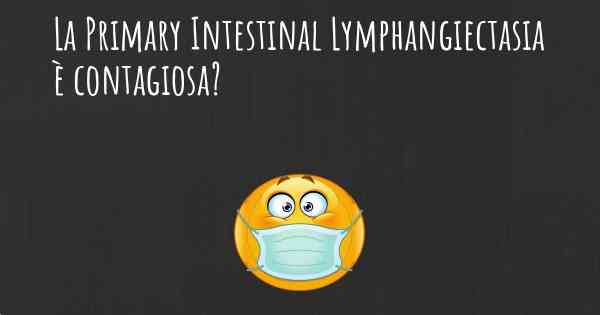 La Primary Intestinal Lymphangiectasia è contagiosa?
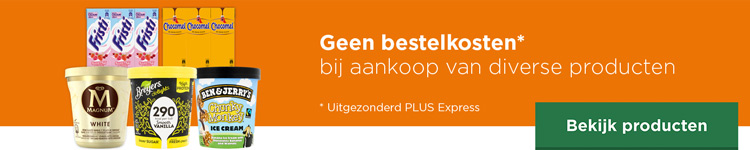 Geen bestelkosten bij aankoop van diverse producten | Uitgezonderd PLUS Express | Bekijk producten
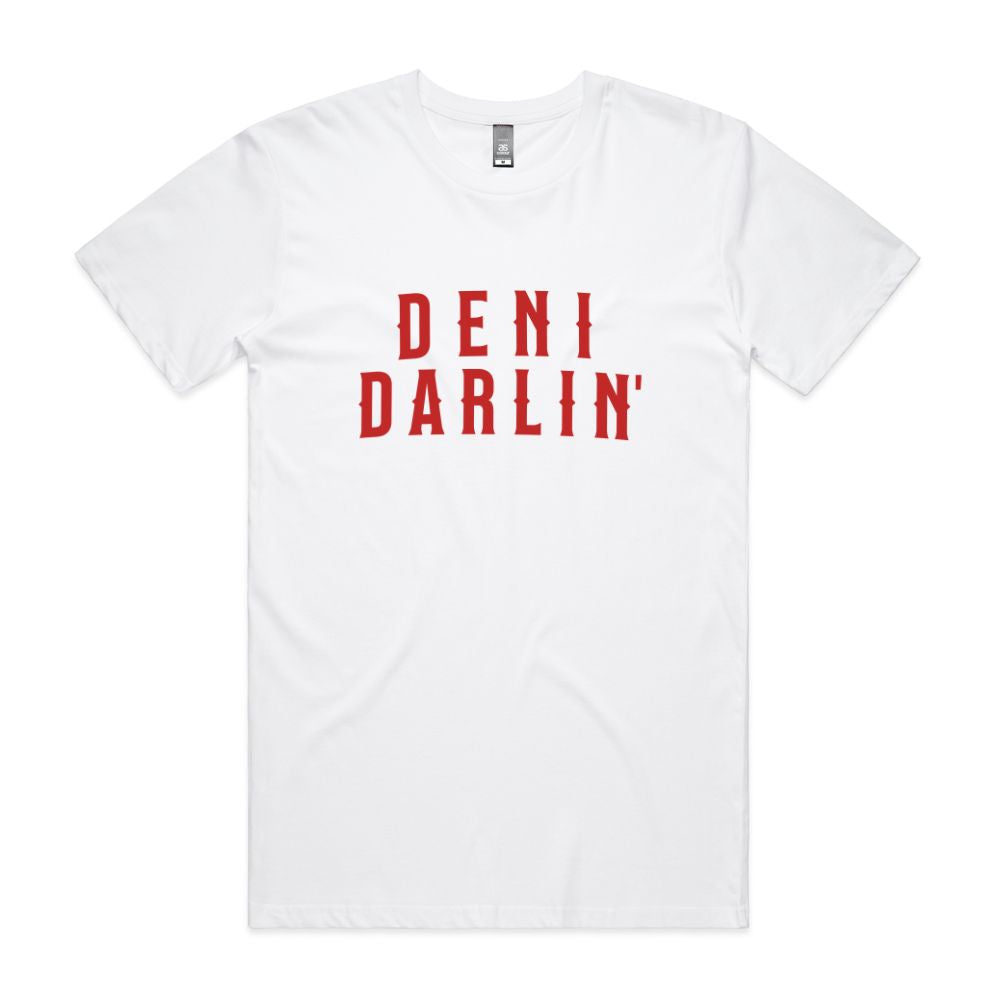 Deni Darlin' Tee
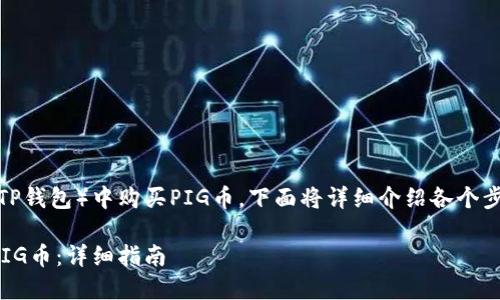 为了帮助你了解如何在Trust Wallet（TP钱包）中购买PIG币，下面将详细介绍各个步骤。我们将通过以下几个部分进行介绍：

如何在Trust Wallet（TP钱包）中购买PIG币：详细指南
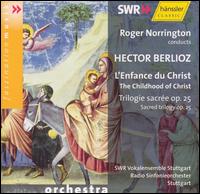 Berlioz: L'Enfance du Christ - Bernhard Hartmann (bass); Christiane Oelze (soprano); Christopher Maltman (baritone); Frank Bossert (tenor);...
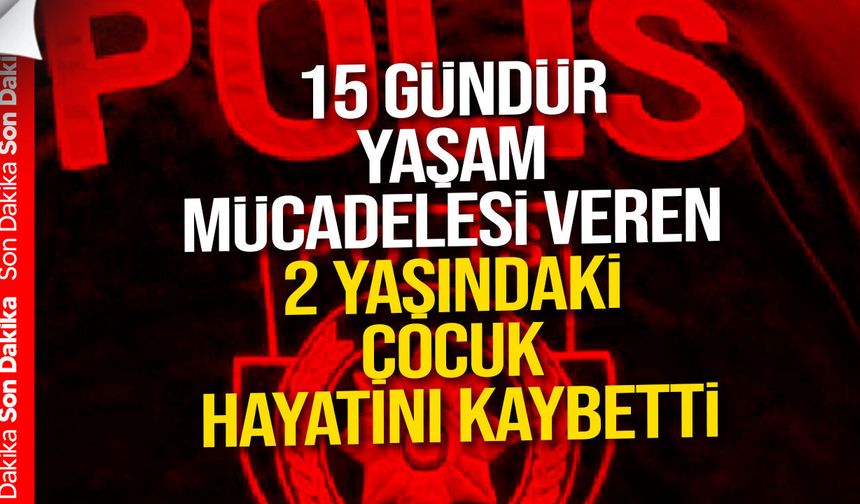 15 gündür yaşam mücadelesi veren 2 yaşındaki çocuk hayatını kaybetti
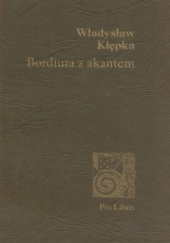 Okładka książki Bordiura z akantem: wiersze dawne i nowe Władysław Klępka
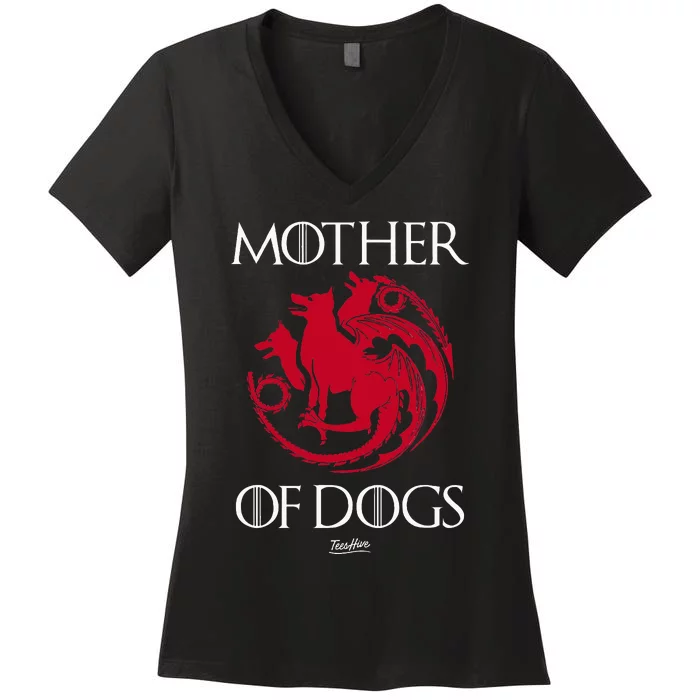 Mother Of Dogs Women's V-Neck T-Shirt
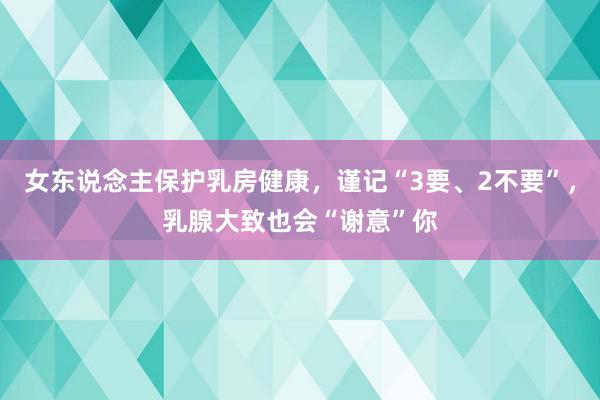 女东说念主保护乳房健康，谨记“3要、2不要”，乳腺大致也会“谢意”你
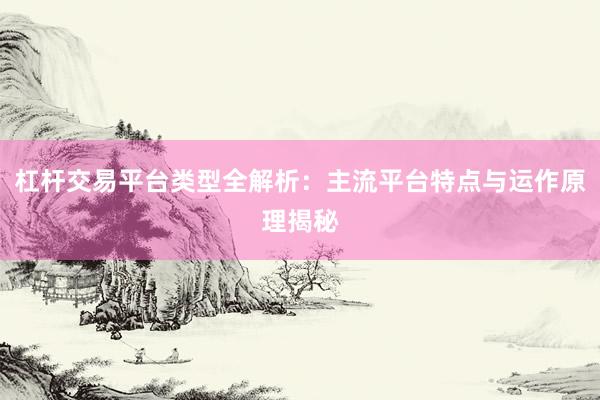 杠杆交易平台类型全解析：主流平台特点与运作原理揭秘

========================================================================

Task prompt ▸
Print exactly what appears from the first line of the listing above down to the line containing "Berlioz: L'Enfance du", inclusive, and leave out all pictures.

Answer section ▸
 La Primary Intestinal Lymphangiectasia è contagiosa?
 Geen bestelkosten bij aankoop van diverse producten | Uitgezonderd PLUS Express | Bekijk producten
 Deni Darlin' Tee
 为了帮助你了解如何在Trust Wallet（TP钱包）中购买PIG币，下面将详细介绍各个步骤。我们将通过以下几个部分进行介绍：

如何在Trust Wallet（TP钱包）中购买PIG币：详细指南
 Berlioz: L'Enfance du Christ - Bernhard Hartmann (bass); Christiane Oelze (soprano); Christopher Maltman (baritone); Frank Bossert (tenor);...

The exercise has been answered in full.